Doris also tells me that, overnight, the government has pulled a U-turn on the NHIF restriction (mentioned in the previous blog). It will now continue unrestricted. I am saying nothing. But am impressed with the swiftness of the reaction. It is the right decision.

Doris has gone out to Limuru to see a group of people she is desperate to help. They are currently working for £1 per day on a big tea farm. They are wholly uneducated, helpless, hopeless people. Too frightened even to try starting a business in case they are thrown out and lose their £1 per day. They want us “to empower them” says Doris.

The Mama Biashara method of a brisk talking-to, a decent business plan, a good chain of supply and a useful choice of business location, topped off with start up grant and a hearty hug is obviously not going to work here. Doris says she will update me.

I get round the market in about four hours. I am knackered and sore and my tiny ears are ringing to the cries of “Mama Biashara! You are my Mother! Promote me!” I can only disappoint so many people in a day without breaking.


Felista needs money for a non-underwater kitchen in Nairobi

Sunday 5th November

I am going to DECIP (the home for children that Mama Biashara built) to make some little videos to put up on Facebook in the hope of getting some money for Felista. She is a woman with a heart the size of Kenya and has been rescuing kids from abandonment, abuse, rape and destitution for a decade.

Mama Biashara sends her about £170 per month. She gets nothing from the government, although the Children’s Department are very supportive. She is the reason I am in Kenya and I often feel bad, as I hare off all over the country setting up businesses for the desperate poor, that I do not do more for her.

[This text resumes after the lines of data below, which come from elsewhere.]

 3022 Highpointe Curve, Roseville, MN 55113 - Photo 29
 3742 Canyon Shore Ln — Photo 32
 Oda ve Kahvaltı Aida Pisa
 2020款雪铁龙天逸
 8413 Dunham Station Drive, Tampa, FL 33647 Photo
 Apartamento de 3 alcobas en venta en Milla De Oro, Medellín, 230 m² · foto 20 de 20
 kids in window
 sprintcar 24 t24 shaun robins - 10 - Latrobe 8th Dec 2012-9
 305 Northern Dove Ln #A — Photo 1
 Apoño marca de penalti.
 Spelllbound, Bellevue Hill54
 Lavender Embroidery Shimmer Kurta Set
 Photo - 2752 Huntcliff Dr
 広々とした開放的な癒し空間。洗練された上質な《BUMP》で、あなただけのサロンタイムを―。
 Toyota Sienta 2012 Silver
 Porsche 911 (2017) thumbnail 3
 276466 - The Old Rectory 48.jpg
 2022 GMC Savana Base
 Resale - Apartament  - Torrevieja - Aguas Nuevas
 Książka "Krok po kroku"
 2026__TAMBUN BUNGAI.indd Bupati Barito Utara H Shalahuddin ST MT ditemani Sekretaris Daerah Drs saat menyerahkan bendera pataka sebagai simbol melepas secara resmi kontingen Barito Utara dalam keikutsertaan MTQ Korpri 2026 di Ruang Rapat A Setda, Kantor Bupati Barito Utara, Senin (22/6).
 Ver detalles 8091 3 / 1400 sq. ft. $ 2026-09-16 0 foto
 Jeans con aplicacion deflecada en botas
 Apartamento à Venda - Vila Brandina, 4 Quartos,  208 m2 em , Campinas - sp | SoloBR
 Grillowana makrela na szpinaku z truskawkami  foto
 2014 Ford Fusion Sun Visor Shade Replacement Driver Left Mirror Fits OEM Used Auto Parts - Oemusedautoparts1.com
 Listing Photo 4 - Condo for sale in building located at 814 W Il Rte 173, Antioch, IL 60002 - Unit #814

So we are going to put out some pleas for help for her and I will set up a MyDonate page for her. She is someone who infuriates me but whom I am so very proud to know.

I have brought her some shoes, a bag, a skirt and two tops. Felista almost never gets anything for herself. Even the one room in the home that should be hers is always full of the youngest children playing and looking for a cuddle.

DECIP has had improvements. A marvellous lady paid for the dormitories to be re-floored so the water doesn’t flood them any more, the passageway from dorm to dorm is now covered over and the water from the roof harvested, many places have new roofing, and a nice rich Chinese man is going to build a big hall for them to use for exams and recreation.

At this time it is proving really difficult to help people – because of the numbers of weapon-wielding other people in the way. So I am going to concentrate more on DECIP this trip. And see what we can do there.


Some of the needy children at DECIP in Nairobi

Monday 6th November

I suddenly start to feel decidedly not OK. Just the usual crap, but that tends to mean getting horizontal and trying to sleep it out.

That not being possible, I turn to the small packet of gifts from our newest volunteer Chris.

There are few things that can go wrong with the human body that have not gone wrong with Chris.

There is absolutely no upside for her. But for me, it means that any painkiller is available. And I have with me a selection of the finest. I curl up till all is made chemically well.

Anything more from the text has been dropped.